Evaluate the performance of your classifier. Calculate and display the following:
* print the `confusion matrix`.
* `normalized confusion matrix`. 
* the probablitity of correct classification (accuracy score). 
* the `precision`, `recall`, and `f1-score` for each class.

In [11]:
# Your solution 


# Challenge 4

The code below loads the same dataset, but treats it as a binary classification problem. That is, instead of classifying an observation into one of 10 categories (0..10) instead we consider all observations with score above 5 as being good and all observation below or equal to five as being bad.





In [12]:
# Code to load the data from file. Here we use the pandas library to read the csv file. 
datafile = "../data/red-wine-dataset/wineQualityReds.csv"
wine_df = pd.read_csv(datafile)
wine_df.drop(wine_df.columns[0],axis=1,inplace=True)
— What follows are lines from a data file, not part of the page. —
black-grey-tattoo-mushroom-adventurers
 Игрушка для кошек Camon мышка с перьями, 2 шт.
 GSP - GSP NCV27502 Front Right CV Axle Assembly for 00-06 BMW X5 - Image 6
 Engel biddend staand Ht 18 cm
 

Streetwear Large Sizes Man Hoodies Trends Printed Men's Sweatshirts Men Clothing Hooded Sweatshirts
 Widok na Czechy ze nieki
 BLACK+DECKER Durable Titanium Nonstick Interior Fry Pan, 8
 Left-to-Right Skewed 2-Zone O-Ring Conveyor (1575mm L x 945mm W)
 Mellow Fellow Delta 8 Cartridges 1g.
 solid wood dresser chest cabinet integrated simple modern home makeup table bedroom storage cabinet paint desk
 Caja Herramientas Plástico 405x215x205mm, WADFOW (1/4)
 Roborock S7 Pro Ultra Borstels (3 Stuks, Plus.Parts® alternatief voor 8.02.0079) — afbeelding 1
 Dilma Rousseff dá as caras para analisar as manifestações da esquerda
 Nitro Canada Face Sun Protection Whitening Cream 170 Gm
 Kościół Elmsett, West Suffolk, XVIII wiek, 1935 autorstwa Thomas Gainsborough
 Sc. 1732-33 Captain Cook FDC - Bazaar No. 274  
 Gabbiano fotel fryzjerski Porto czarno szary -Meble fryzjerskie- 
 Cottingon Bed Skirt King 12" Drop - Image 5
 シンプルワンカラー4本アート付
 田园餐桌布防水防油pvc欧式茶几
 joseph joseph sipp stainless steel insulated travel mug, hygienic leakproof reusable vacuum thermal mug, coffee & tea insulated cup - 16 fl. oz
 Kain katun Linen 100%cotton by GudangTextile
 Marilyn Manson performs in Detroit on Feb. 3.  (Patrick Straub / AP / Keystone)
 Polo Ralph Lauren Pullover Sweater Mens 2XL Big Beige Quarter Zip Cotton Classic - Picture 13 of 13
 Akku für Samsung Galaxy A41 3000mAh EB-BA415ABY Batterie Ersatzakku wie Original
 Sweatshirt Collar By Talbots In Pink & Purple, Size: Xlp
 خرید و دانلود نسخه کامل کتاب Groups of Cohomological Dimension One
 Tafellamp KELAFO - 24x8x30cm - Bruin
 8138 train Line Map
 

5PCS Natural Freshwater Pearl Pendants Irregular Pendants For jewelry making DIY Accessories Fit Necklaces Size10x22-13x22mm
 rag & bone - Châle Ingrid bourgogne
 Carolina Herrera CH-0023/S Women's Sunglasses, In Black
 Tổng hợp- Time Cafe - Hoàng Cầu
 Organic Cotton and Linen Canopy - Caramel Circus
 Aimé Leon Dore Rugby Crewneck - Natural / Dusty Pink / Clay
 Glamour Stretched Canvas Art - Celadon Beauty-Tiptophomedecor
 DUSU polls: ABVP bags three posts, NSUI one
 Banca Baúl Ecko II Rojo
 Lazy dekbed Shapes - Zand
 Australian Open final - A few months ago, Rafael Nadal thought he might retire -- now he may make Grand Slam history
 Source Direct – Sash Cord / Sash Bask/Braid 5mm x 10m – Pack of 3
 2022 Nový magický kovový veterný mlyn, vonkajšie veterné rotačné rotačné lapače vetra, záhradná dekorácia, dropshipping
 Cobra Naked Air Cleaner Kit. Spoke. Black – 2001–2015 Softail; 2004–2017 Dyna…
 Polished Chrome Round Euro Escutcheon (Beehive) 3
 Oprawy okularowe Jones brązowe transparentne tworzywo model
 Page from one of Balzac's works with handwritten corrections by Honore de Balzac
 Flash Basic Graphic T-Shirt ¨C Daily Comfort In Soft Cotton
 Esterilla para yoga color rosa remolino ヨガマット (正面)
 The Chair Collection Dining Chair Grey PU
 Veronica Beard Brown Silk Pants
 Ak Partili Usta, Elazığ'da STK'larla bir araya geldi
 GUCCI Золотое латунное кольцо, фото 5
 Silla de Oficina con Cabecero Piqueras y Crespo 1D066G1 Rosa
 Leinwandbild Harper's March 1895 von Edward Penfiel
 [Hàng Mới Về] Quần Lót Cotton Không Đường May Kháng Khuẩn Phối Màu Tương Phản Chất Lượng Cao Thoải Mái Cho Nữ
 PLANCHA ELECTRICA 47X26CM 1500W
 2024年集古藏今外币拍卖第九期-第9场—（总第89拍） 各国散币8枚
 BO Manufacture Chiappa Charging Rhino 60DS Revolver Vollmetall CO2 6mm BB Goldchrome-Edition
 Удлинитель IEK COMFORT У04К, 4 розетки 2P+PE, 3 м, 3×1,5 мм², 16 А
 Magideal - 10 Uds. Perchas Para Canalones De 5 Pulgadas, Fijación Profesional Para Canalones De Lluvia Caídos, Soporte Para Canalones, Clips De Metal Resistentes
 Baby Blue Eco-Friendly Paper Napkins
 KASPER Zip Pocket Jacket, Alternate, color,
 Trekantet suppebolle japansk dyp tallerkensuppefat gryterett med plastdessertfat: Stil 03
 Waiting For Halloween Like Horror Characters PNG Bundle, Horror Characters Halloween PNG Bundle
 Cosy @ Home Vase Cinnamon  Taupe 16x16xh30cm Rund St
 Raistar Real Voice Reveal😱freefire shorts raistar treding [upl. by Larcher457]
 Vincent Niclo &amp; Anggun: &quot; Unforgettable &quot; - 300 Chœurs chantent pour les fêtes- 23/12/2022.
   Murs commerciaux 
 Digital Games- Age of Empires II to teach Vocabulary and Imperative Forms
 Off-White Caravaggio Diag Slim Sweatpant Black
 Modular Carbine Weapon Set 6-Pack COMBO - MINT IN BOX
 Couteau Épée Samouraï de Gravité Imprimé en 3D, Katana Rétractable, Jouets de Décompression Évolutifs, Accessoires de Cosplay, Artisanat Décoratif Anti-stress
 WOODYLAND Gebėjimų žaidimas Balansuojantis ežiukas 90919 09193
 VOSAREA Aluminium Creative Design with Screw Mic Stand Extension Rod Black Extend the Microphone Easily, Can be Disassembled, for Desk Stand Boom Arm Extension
wine_df['quality'] = np.where(wine_df['quality']>5,"Good","Bad")

In [13]:
X_train, X_test, y_train, y_test = train_test_split(wine_df.drop('quality',axis=1), wine_df['quality'], test_size=.25, random_state=42)


## Callenge 4.1
Use the variables `X_train`, `X_test`, `y_train`, and `y_test` to explore your data. In particular, calculate and display the following information.
* Number of samples in the training set in total and in each class.
* Number of samples in the testing set in total and in each class.
* Number of features in the dataset. 
* Number of classes in the dataset.
* IDs of the number of classes.




In [14]:
# Your Solution 


## Challenge 4.2 
Train a SVM classifier using the `(X_train,y_train)` dataset and use trained model to predict the underlying classes for the observations in the test dataset `X_test`. Store your prediction in a variable called `y_pred`.

In [15]:
# Your solution 


## Challenge 4.3
Evaluate the performance of your classifier. Calculate and display the following:
* print the `confusion matrix`.
* `normalized confusion matrix`. 
* the probablitity of correct classification (accuracy score). 
* the `precision`, `recall`, and `f1-score` for each class.

In [16]:
# Your Solution 


# Challenge 5

SVM classifier accepts a number of parameters. Some of those parameters are the parameter `C`, the `kernel`, the `degree`, and the parameter `gamma`. Evaluate the classifier for different values of K and identify which configuration achieve the best performance on the testing set. Plot or print your results.


In [17]:
# Your solution here.


# Challenge 6
Select the best parameter configuration for the SVM classifier on this dataset (i.e. best C, kernel, gamma or degree parameter configuration). Also choose the best parameter configuration for the KNN classifer. Evaluate both classifiers by by running on 100 random train-test split of the dataset. You can achieve that using a loop (i.e. for loop) and by calleing the `train_test_split` function without specifing the `random_state parameter` to obtain a new random split. For example, the foundation of your code could look like this:

```python 

for i in range(100):
    X_train, X_test, y_train, y_test = train_test_split(wine_df.drop('quality',axis=1), wine_df['quality'], test_size=.25)

##
# Your code to train, test and evaluate teh classifier. 
    
```
Your code should report the __mean__ and __standard deviation__ of each classifer in terms of __Accuracy__. Base on your finding, which algorithm performs better?